The reforms also mean the patient knows exactly what they are paying for: there are three bands of payment and you pay the same whether it is for one or three fillings. The system is run by the local Primary Care Trust (PCT).
However, many people are unaware the PCT is obliged to find an NHS dentist on their behalf that may mean being added to a waiting list, but given the cost of private dental treatment, it is probably worth the wait:
- NHS check-up, £17.50
- NHS filling (incl check-up), £48
- Private check-up, £42
- Private filling, £76+
However, over the last 10+ years, there has been a move towards preventative treatment and whereas tooth extraction was considered to be the only answer to dental problems, dentists will now rebuild teeth or replace missing teeth with implants or bridges. Over the next 20 years computers will play an increasingly important role making diagnosis and treatment far more reliable.

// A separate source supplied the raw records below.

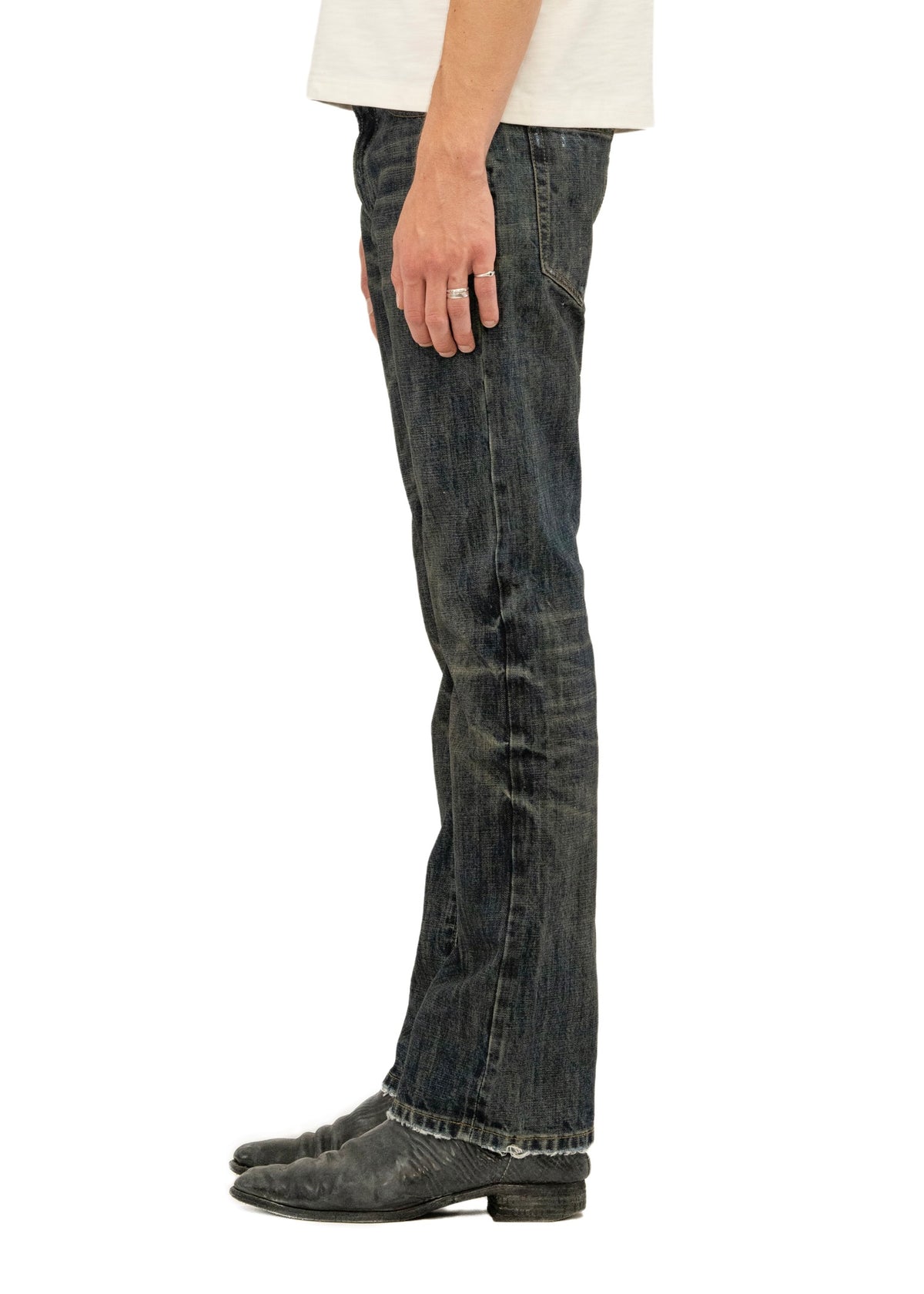 MUDDED SELVEDGE FITTED BOOTCUT DENIM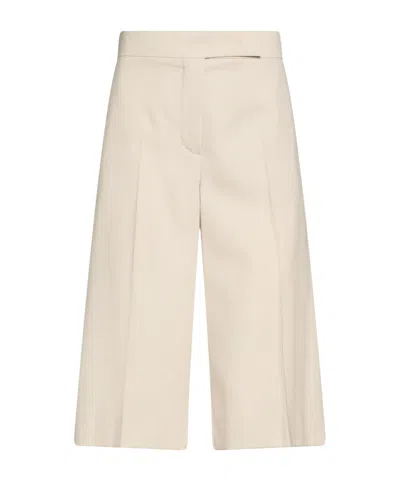 Max Mara Wool Shorts In Brown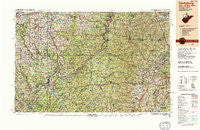 Clarksburg West Virginia Historical topographic map, 1:250000 scale, 1 X 2 Degree, Year 1988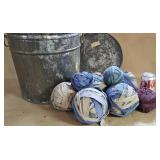 8 - Approx. 5" and Smaller Diameter Rag Balls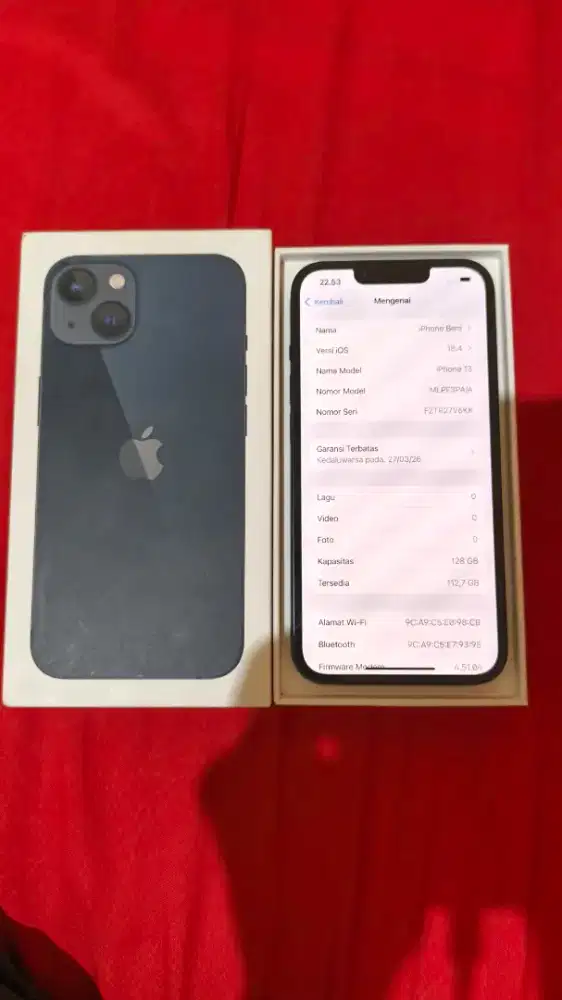 iPhone 13 128gb ex iBox Midnight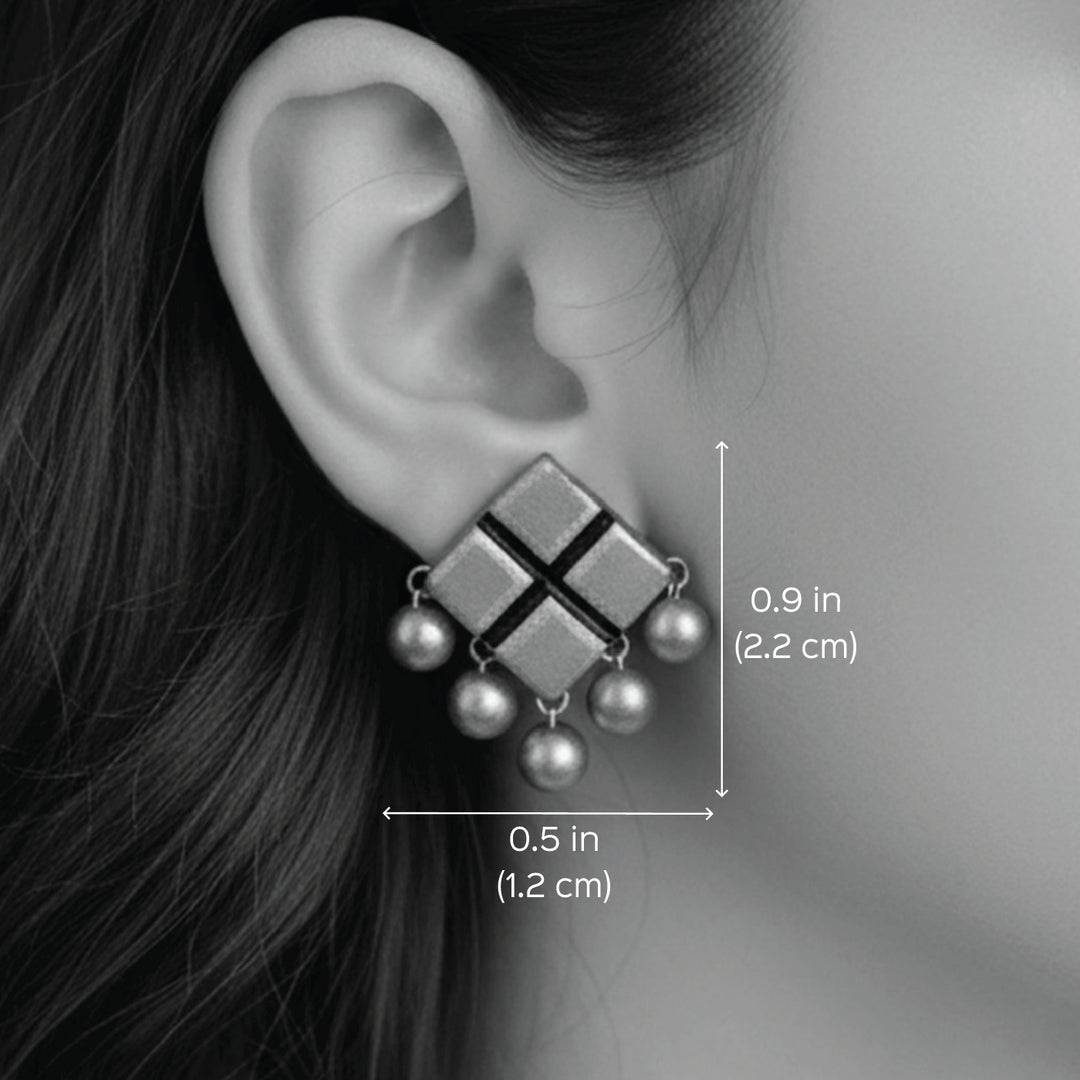 Handmade Mosaic Charm Terracotta Earrings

X-ray scanners can now produce 3D images of the mouth, bone and tissues and from that the computer will be able to manufacture replacement teeth. There is also the development of reproducing teeth from stem cells; it has already been done in mice.
But here is my closing thought: if you are amongst those patients who ended up with several unnecessary fillings during the 1970s due to the government’s ‘pay-per-treatment’ policy, if this excessive dentistry can be proven, perhaps it’s time to seek compensation for the pain and suffering you endured but more so, the damage that was consequently caused to perfectly healthy teeth.